• [PROBLEM TO WORK ON]: Below is a listing. Set down exactly the lines from the one containing "Коричневий Шкода Октавія, об'ємом" through the one containing "Commode en métal", both ends included, and leave out the rest.

• [AVAILABLE DATA]:
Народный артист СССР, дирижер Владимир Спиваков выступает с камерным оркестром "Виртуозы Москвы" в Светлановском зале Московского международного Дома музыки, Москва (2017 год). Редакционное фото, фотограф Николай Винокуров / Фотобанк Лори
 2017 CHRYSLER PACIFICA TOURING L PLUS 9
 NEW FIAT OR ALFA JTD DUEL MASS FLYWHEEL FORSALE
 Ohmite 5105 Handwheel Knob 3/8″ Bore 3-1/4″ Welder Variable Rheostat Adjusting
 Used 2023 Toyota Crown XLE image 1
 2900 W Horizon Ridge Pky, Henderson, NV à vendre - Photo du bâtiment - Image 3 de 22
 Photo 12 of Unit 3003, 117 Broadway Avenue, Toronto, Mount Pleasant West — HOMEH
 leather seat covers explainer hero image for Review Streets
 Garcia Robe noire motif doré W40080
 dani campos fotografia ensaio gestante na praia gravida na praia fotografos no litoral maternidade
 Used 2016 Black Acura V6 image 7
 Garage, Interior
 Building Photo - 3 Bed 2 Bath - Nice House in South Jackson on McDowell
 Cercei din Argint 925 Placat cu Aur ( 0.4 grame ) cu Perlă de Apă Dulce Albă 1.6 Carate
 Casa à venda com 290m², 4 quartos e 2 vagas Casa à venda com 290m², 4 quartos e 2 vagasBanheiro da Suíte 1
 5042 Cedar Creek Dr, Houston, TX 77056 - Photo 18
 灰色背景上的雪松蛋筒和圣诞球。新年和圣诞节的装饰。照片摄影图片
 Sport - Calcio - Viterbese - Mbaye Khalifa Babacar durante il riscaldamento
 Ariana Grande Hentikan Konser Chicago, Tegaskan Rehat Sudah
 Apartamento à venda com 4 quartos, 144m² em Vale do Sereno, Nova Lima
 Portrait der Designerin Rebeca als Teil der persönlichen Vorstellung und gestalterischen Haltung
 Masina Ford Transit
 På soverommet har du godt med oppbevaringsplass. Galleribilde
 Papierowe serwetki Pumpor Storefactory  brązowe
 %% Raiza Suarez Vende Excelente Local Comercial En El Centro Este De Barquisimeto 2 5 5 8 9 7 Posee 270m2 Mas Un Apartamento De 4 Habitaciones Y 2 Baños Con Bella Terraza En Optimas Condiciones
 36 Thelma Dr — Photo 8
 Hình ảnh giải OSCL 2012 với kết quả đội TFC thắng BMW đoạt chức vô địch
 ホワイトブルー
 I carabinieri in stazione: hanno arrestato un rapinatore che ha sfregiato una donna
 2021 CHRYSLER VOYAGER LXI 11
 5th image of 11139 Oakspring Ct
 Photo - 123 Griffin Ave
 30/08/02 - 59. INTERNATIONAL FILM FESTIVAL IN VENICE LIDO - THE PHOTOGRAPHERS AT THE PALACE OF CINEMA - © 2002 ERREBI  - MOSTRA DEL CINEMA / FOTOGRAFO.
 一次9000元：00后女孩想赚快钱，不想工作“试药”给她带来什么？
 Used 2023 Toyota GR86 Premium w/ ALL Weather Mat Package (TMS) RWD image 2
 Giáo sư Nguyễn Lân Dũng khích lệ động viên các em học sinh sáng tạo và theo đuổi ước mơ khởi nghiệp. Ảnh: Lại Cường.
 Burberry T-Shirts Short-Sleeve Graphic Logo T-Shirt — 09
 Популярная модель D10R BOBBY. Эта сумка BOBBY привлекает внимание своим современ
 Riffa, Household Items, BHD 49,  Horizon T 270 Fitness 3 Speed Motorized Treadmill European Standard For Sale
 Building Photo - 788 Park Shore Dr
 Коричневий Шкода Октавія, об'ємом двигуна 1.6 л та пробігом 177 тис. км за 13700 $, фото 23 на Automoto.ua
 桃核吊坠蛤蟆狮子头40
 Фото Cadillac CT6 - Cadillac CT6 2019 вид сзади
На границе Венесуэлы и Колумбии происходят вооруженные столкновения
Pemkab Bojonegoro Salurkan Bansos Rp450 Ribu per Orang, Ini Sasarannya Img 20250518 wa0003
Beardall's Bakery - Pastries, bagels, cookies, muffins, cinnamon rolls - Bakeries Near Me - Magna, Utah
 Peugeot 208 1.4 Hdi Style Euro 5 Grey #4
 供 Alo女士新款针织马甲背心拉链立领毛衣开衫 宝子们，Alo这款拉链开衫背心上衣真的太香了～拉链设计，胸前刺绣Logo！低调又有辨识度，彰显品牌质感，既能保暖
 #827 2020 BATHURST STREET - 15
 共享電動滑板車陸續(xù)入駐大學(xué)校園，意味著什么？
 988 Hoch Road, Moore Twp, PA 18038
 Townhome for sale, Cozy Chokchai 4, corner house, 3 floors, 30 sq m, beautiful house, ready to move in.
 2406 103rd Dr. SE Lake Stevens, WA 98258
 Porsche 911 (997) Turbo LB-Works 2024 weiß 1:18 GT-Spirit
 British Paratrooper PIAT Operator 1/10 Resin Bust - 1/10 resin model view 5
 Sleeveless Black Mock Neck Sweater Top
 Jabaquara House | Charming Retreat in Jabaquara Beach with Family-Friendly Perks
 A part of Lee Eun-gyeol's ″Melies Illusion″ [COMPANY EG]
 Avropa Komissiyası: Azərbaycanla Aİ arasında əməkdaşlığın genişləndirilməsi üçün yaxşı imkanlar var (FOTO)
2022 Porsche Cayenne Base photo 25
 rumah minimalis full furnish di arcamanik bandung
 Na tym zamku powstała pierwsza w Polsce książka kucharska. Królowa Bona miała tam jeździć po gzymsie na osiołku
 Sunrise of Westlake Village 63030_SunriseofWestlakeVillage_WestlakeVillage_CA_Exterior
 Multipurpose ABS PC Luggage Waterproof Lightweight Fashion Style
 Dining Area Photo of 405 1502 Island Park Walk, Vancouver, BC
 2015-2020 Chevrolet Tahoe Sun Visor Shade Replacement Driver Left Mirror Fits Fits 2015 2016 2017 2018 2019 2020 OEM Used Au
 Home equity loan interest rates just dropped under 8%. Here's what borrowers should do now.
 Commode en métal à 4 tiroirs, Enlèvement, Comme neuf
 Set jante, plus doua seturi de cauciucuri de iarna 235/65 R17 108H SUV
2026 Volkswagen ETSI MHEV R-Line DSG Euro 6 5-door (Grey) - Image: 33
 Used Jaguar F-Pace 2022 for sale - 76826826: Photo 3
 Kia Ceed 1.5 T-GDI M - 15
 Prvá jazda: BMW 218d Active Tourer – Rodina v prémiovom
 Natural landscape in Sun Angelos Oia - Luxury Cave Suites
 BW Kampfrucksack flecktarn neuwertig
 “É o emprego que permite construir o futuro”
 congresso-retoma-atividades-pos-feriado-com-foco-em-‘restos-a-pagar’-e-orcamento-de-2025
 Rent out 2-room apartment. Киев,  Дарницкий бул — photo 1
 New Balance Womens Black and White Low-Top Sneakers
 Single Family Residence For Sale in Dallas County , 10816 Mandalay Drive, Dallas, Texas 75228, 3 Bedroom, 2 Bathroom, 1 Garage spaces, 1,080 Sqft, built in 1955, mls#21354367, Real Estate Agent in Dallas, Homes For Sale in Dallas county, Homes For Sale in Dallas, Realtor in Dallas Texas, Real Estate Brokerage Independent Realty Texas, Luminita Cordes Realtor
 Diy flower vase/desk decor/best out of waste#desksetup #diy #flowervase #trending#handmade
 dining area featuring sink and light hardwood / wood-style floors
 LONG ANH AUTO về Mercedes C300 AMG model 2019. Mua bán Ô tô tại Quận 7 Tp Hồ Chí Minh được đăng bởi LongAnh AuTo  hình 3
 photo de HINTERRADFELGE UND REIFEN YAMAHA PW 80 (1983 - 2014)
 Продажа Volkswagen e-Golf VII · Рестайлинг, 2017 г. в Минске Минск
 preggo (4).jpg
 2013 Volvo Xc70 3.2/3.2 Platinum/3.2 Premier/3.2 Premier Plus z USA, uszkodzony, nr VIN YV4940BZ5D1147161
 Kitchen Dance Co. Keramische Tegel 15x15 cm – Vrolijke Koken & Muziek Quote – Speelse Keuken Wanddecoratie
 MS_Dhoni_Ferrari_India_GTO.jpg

• [EXERCISE RESULT]:
 Коричневий Шкода Октавія, об'ємом двигуна 1.6 л та пробігом 177 тис. км за 13700 $, фото 23 на Automoto.ua
 桃核吊坠蛤蟆狮子头40
 Фото Cadillac CT6 - Cadillac CT6 2019 вид сзади
На границе Венесуэлы и Колумбии происходят вооруженные столкновения
Pemkab Bojonegoro Salurkan Bansos Rp450 Ribu per Orang, Ini Sasarannya Img 20250518 wa0003
Beardall's Bakery - Pastries, bagels, cookies, muffins, cinnamon rolls - Bakeries Near Me - Magna, Utah
 Peugeot 208 1.4 Hdi Style Euro 5 Grey #4
 供 Alo女士新款针织马甲背心拉链立领毛衣开衫 宝子们，Alo这款拉链开衫背心上衣真的太香了～拉链设计，胸前刺绣Logo！低调又有辨识度，彰显品牌质感，既能保暖
 #827 2020 BATHURST STREET - 15
 共享電動滑板車陸續(xù)入駐大學(xué)校園，意味著什么？
 988 Hoch Road, Moore Twp, PA 18038
 Townhome for sale, Cozy Chokchai 4, corner house, 3 floors, 30 sq m, beautiful house, ready to move in.
 2406 103rd Dr. SE Lake Stevens, WA 98258
 Porsche 911 (997) Turbo LB-Works 2024 weiß 1:18 GT-Spirit
 British Paratrooper PIAT Operator 1/10 Resin Bust - 1/10 resin model view 5
 Sleeveless Black Mock Neck Sweater Top
 Jabaquara House | Charming Retreat in Jabaquara Beach with Family-Friendly Perks
 A part of Lee Eun-gyeol's ″Melies Illusion″ [COMPANY EG]
 Avropa Komissiyası: Azərbaycanla Aİ arasında əməkdaşlığın genişləndirilməsi üçün yaxşı imkanlar var (FOTO)
2022 Porsche Cayenne Base photo 25
 rumah minimalis full furnish di arcamanik bandung
 Na tym zamku powstała pierwsza w Polsce książka kucharska. Królowa Bona miała tam jeździć po gzymsie na osiołku
 Sunrise of Westlake Village 63030_SunriseofWestlakeVillage_WestlakeVillage_CA_Exterior
 Multipurpose ABS PC Luggage Waterproof Lightweight Fashion Style
 Dining Area Photo of 405 1502 Island Park Walk, Vancouver, BC
 2015-2020 Chevrolet Tahoe Sun Visor Shade Replacement Driver Left Mirror Fits Fits 2015 2016 2017 2018 2019 2020 OEM Used Au
 Home equity loan interest rates just dropped under 8%. Here's what borrowers should do now.
 Commode en métal à 4 tiroirs, Enlèvement, Comme neuf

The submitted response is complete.